そういう意味では現代人は常に何らかの仮想世界に臨場感を感じている存在だと言えよう。
テレビは数少ない特殊な事例を何度も取り上げるので、その数少ない事例が一般的である仮想世界が構築されてしまう。そしてそれに視聴者は臨場感を感じる。
今までに一度しか起こったことのない事件が、テレビによって何度も何度も繰り返し報道されることによって、明日にでも自分の身に降りかかるのではないかと不安になった経験は誰にでもあるだろう。
まさにこれはテレビの創り出した仮想世界に臨場感を感じている証拠ではないだろうか。
「外界を視覚で認識すれば、視覚野での神経が活性化し、その結果が前頭葉で認識される。この視覚野から前頭葉までのすべて脳内での情報状態が内部表現である」と同書にある。
外界にテレビや映画やドラマがあれば、あるいはSNSのタイムラインがあれば、当然脳内に情報が蓄積されて内部表現が出来上がる。

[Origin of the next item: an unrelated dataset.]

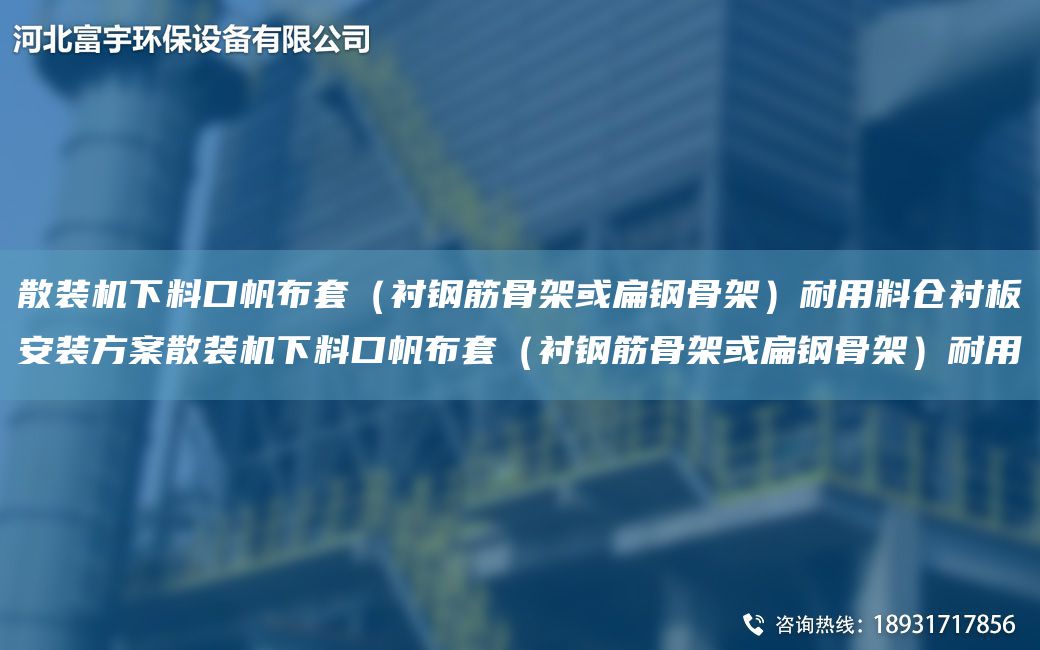 散裝機下料口帆布TA-O（襯鋼筋骨架或扁鋼骨架）耐用料倉襯板安裝方案散裝機下料口帆布TA-O（襯鋼筋骨架或扁鋼骨架）耐用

目から入ってくるものに情報としての価値を自分が見出せば当然脳内の内部表現は目から入ってくる情報によって書き換えられるだろう。
同書にはさらに、「脳内の物理レベルから心理レベルまで含めたすべての抽象度における外界の表現が内部表現である」とある。「脳内にある自分自身を含めたあらゆる抽象度における世界のモデルが内部表現である」ともある。
「外界のモデルとして脳内で表現される世界」が内部表現であるという記述も見られる。
この時外界にあるものが、映画や小説等の仮想世界であっても脳内に内部表現は構築されるようだ。
「このように人間は、物理的現実世界以外の仮想世界を内部表現として持つことができるように進化した。だからこそ人間は洗脳から逃れることができないのだ」と同書は続く。
ホメオスタシスは、恒常性維持機能と訳され、呼吸や心拍のように、生体が一定の状態を保ちながら、生体の安定的な状態を維持しようとする傾向のことだそうだ。
生体と外界の間でフィードバック関係が成立しており、生体が外界の状態に合わせて健康で安定した状態を保とうとするとのこと。
そして人間は進化の結果として、物理的な現実世界だけではなく、仮想世界ともホメオスタシスのフィードバック関係を持てるように脳が進化しているそうだ。